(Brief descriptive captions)
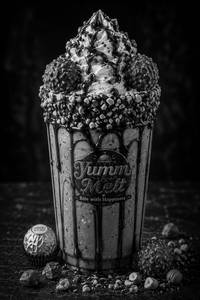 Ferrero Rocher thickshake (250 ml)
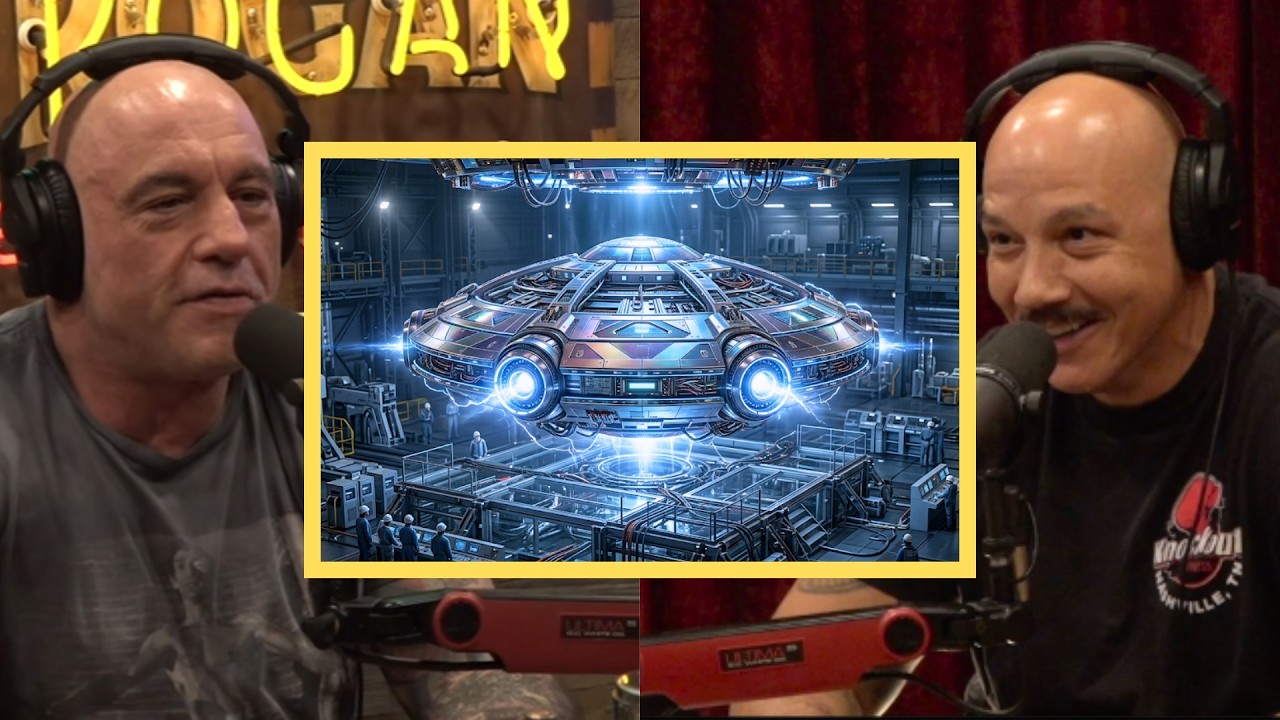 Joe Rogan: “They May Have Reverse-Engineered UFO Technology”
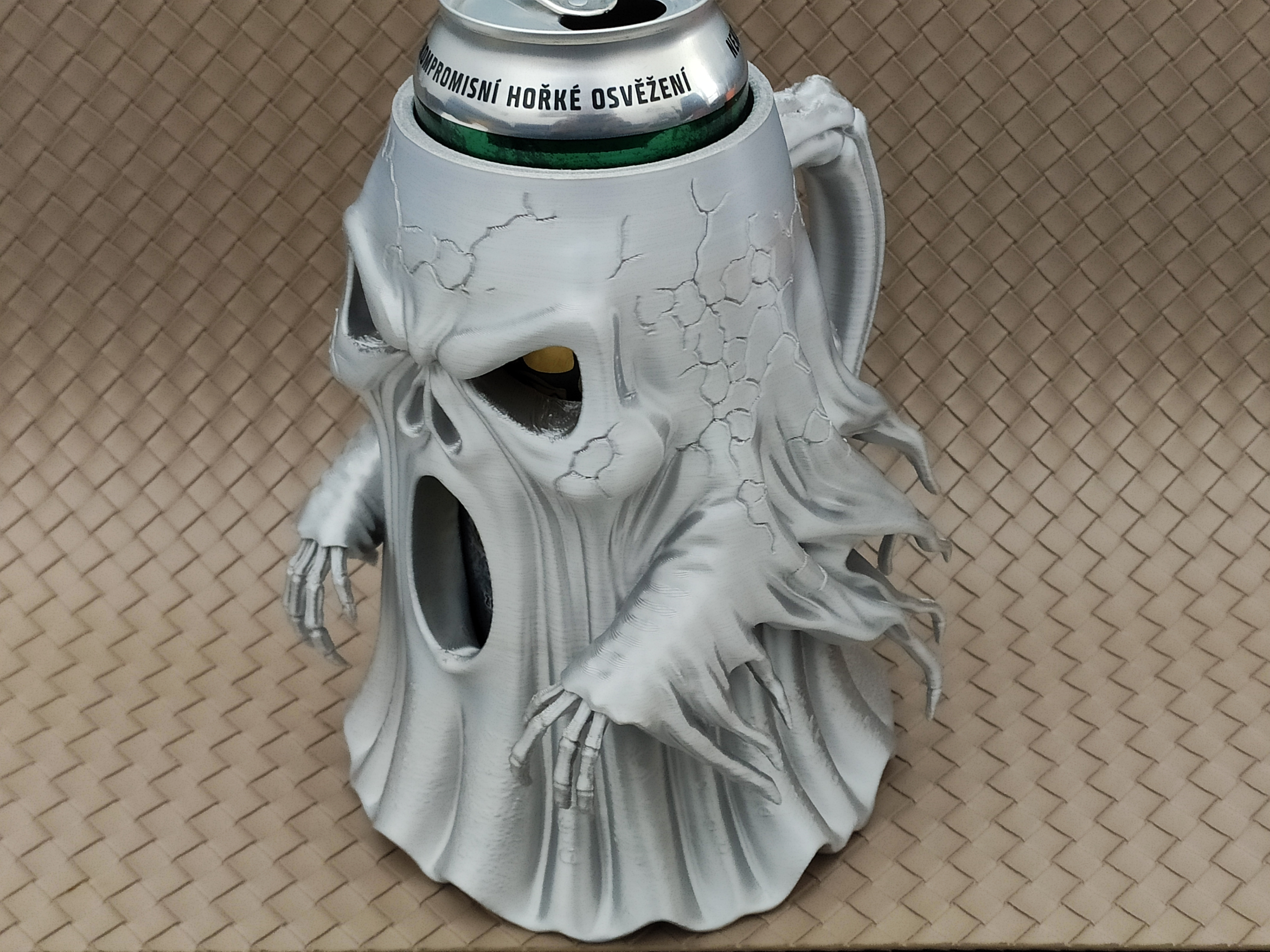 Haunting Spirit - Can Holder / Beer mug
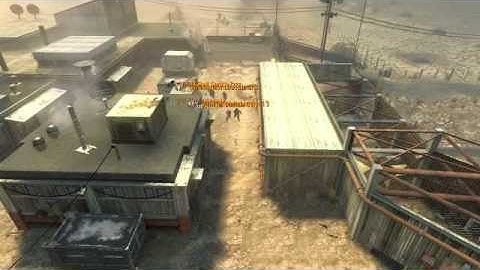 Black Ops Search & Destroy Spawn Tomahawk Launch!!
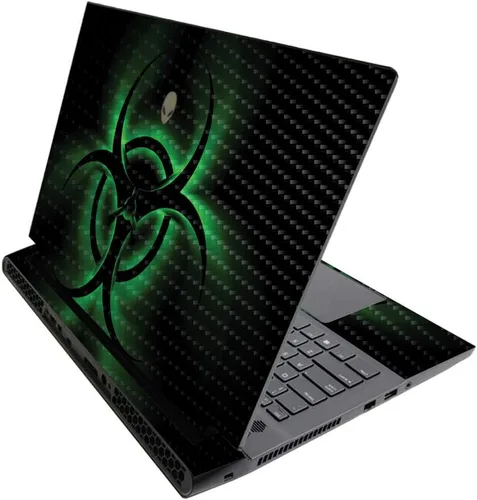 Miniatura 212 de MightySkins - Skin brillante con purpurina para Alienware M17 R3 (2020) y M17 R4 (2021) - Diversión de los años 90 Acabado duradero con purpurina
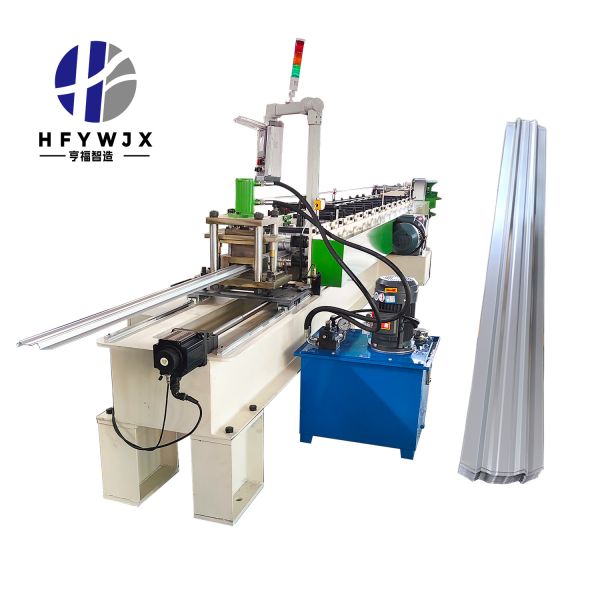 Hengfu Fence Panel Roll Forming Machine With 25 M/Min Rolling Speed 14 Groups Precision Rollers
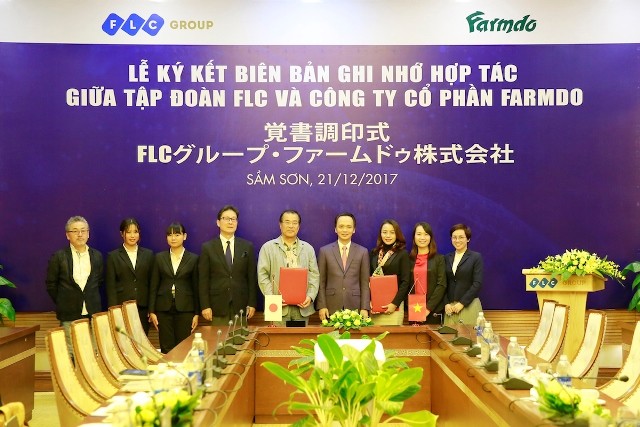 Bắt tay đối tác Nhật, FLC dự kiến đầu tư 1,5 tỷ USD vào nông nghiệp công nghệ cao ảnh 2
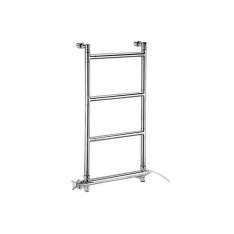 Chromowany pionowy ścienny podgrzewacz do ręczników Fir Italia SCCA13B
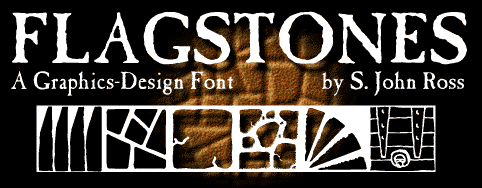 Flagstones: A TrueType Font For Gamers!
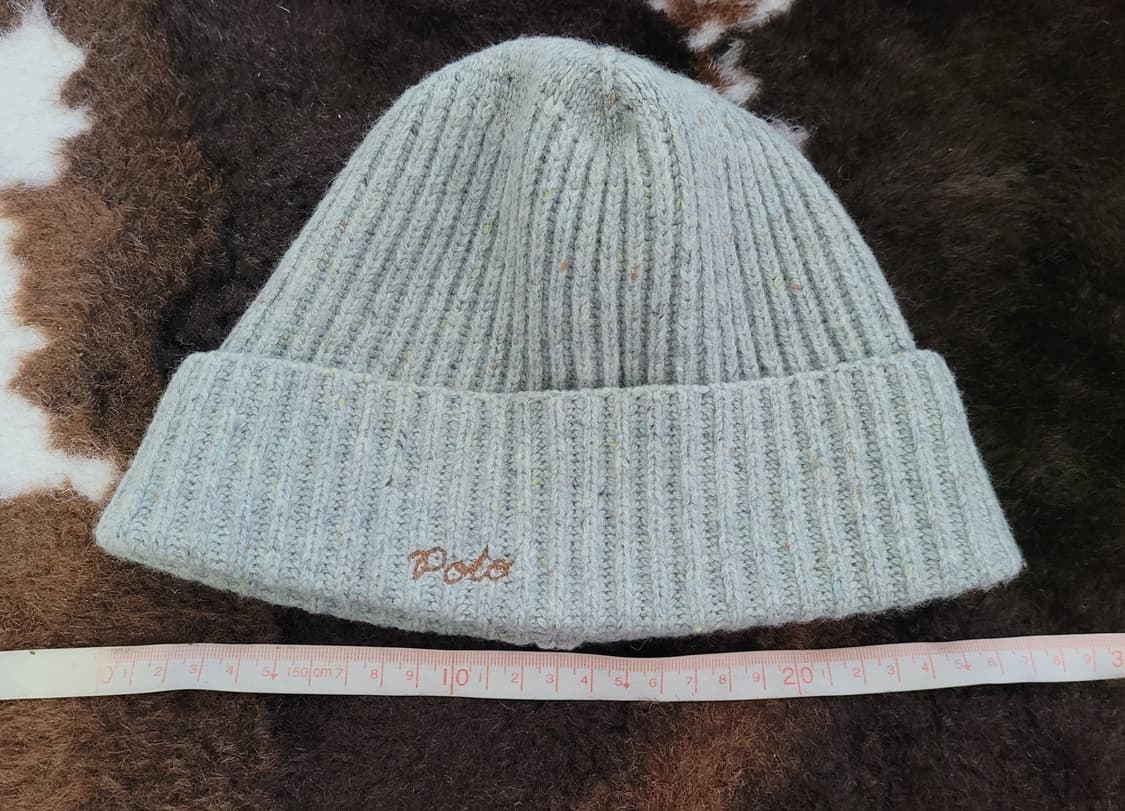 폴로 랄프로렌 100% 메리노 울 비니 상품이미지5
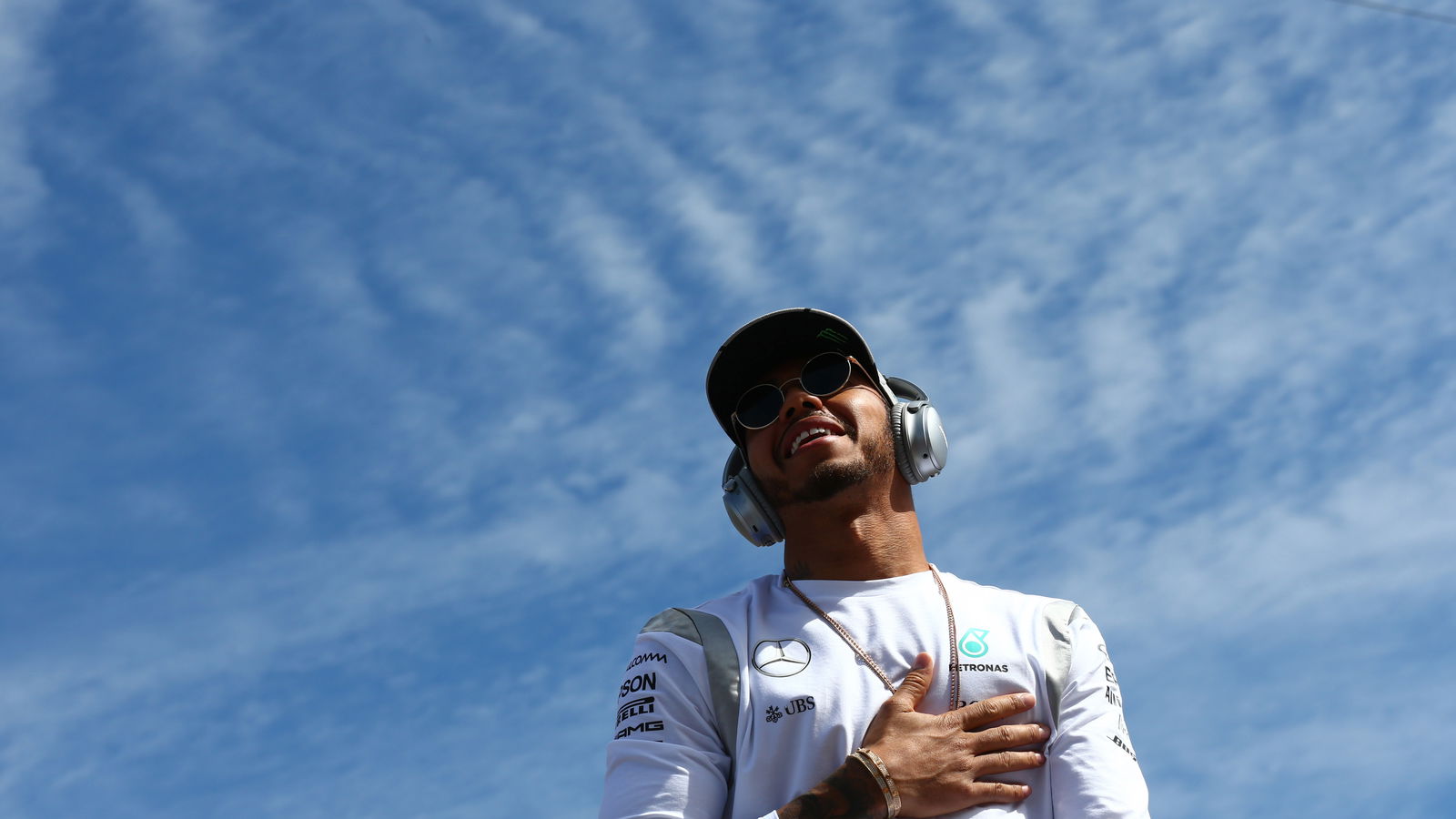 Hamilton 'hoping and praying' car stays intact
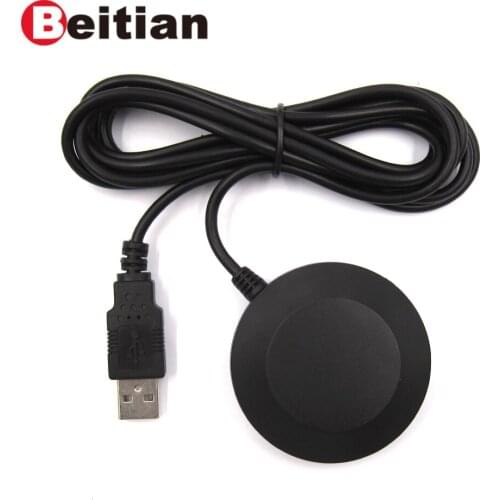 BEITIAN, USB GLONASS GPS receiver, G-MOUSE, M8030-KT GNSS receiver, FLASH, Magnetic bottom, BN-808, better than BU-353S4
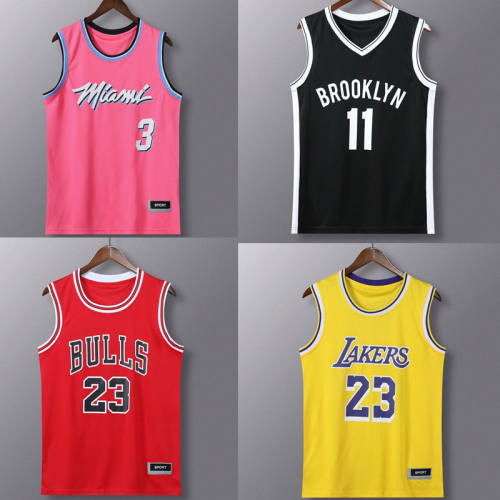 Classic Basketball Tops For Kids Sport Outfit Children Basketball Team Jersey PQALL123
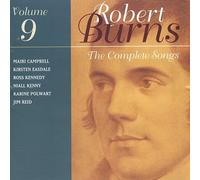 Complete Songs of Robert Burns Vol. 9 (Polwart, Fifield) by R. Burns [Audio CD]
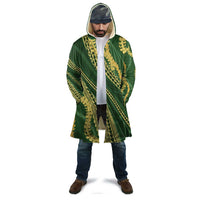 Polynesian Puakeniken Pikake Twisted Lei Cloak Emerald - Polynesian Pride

> _Task to carry out_
Reproduce the lines above exactly, please, but not the pictures in them.

> _Your response_
 Ferrero Rocher thickshake (250 ml)
 Joe Rogan: “They May Have Reverse-Engineered UFO Technology”
 Haunting Spirit - Can Holder / Beer mug
 Black Ops Search & Destroy Spawn Tomahawk Launch!!
 Miniatura 212 de MightySkins - Skin brillante con purpurina para Alienware M17 R3 (2020) y M17 R4 (2021) - Diversión de los años 90 Acabado duradero con purpurina
 Hengfu Fence Panel Roll Forming Machine With 25 M/Min Rolling Speed 14 Groups Precision Rollers
 Bắt tay đối tác Nhật, FLC dự kiến đầu tư 1,5 tỷ USD vào nông nghiệp công nghệ cao ảnh 2
 Chromowany pionowy ścienny podgrzewacz do ręczników Fir Italia SCCA13B
 Flagstones: A TrueType Font For Gamers!
 폴로 랄프로렌 100% 메리노 울 비니 상품이미지5
 Hamilton 'hoping and praying' car stays intact
 BEITIAN, USB GLONASS GPS receiver, G-MOUSE, M8030-KT GNSS receiver, FLASH, Magnetic bottom, BN-808, better than BU-353S4
 Classic Basketball Tops For Kids Sport Outfit Children Basketball Team Jersey PQALL123
 Complete Songs of Robert Burns Vol. 9 (Polwart, Fifield) by R. Burns [Audio CD]
 Polynesian Puakeniken Pikake Twisted Lei Cloak Emerald - Polynesian Pride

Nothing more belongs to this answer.